Статья Серве де Каза, как и ожидалось, спровоцировала скандал. Так сказал Шарль Фольке, и Фио, хочешь не хочешь, пришлось ему поверить. Фио, без всяких сомнений, уже превратилась в настоящую звезду. Знаменитая певица и актриса М. приобрела одну из ее работ. Видела ли она эту работу? Конечно, нет. Тут Шарль Фольке назвал сумму, которую М. за нее заплатила, но она не произвела на Фио никакого впечатления, показавшись ей абсолютно заоблачной. Она растерянно улыбнулась. «Это и есть признак истинной славы, — сказал ей Божарски, — ибо настоящая звезда не тот, на кого все кому не лень пялятся на улице, а тот, кого признают другие звезды».

Фио решила приостановить свои занятия в этом году. Поскольку сочетание унылой и серьезной университетской жизни с бурной избыточностью мира искусства вызывало все больше сложностей. Она подозревала, что потом ей будет нелегко вернуться к рутине повседневности. Но обещала себе, что с сентября возобновит учебу, собрав достаточно денег, чтобы не нуждаться еще долгое время. И судя по всему, сделать это будет несложно, учитывая, сколько заплатила М.

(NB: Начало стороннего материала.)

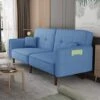 GENERIC Futon Sofa Bed For Living Room With Solid Wood Leg In Fabric Includes 2 Pockets Adjustable Backrest Easy Assembly Blue Modern Contemporary Manual Recline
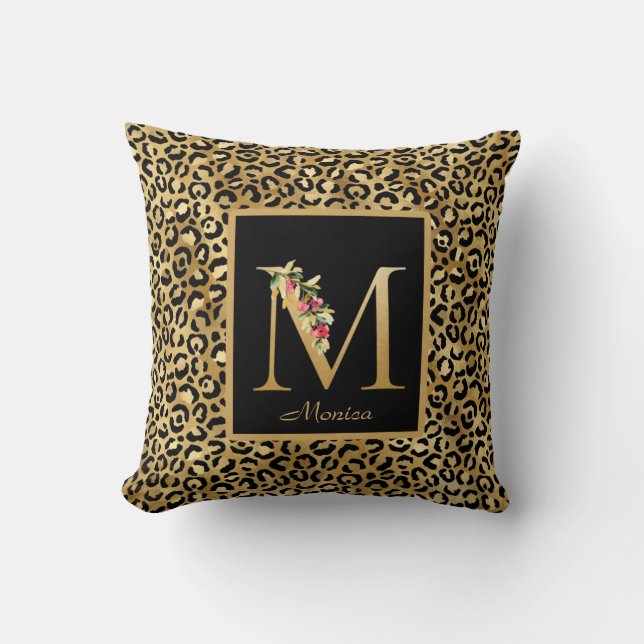 Modern Leopard gepersonaliseerd Monogram M-Initiaa Kussen (Voorkant)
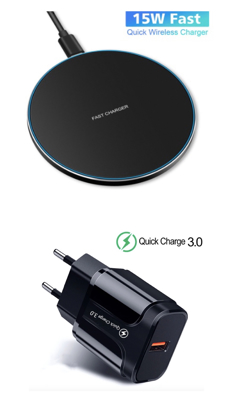 Incarcator wireless fast charge , QUANDES, Aluminum Ultra Slim 15W, Black , +Incarcator FAST Chargers 18w /3.0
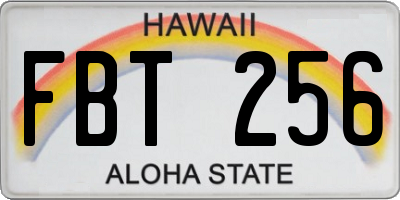 HI license plate FBT256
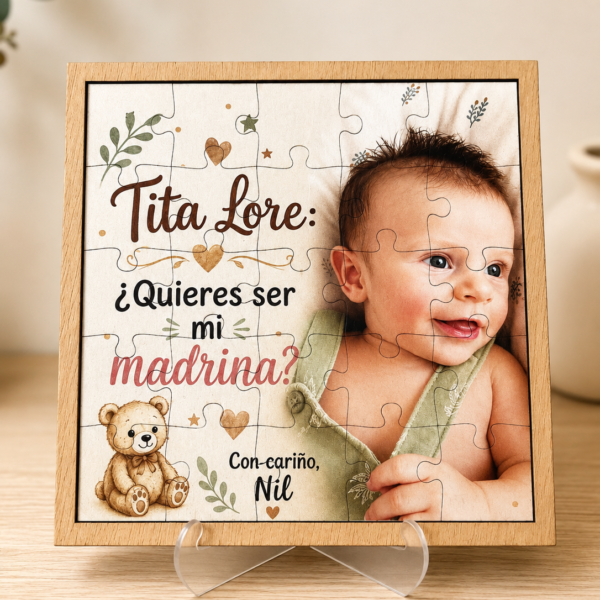 Puzzle para padrino o madrina personalizado – Cuadro de madera 20 × 20 cm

Алумбрадос Гранвель взял в руки кисть в самом раннем возрасте; еще не умея читать и писать, он уже рисовал слова и целые фразы. Юному дарованию не исполнилось и шести лет, когда состоялась его первая выставка; в десять он уже стал знаменитостью; в тринадцать попробовал героин, одновременно заработав свой первый миллион; в пятнадцать оказался самым молодым членом Общества анонимных алкоголиков. До двадцати пяти лет он был в зените славы и занимал высшие позиции в мире искусства; его полотна, скульптуры, инсталляции стоили баснословных денег. Ему посвящались целые главы в книгах по истории современного искусства, его блестящая теоретическая болтовня стала новым евангелием искусства. Лет пятнадцать он пробыл признанным гением и всеобщим любимцем.

А потом, в один прекрасный день, когда ничто не предвещало беды, вдруг, разом, все критики, коллекционеры и музейщики сочли его до того отсталым, что и все прошлые его шедевры оказались записаны в разряд пережитков прошлого. Когда ему стукнуло тридцать, о нем уже больше никто не вспоминал и он пропал из виду лет на десять. Никто не знал, чем он занимался все это время. В день своего сорокалетнего юбилея он объявился как ни в чем не бывало, и прежние знакомые с трудом его узнали: облик некогда молодого человека поблек, вытесненный новым Гранвелем, загорелым и располневшим. Несостоятельность его работ по-прежнему ни у кого не вызывала сомнений, но в его судьбе — ребенка столь стремительно вознесенного к вершинам славы, — чуялись некая роковая тайна и соблазнительный привкус трагедии. Гранвель благоразумно оставил собственное творчество и вложил свое состояние в первоклассную коллекцию искусства. С упорством, достойным восхищения, он вернул себе место под солнцем в мире, отвергнувшем его, но уж теперь это место надежно защищало его от всех невзгод идущей здесь войны — он стал авторитетным критиком, которого опасались, и одновременно известнейшим галерейщиком. На игровом поле он занимал позицию, противоположную авангардизму Грегуара Карденаля и его приспешников, наподобие Герине Эскрибана.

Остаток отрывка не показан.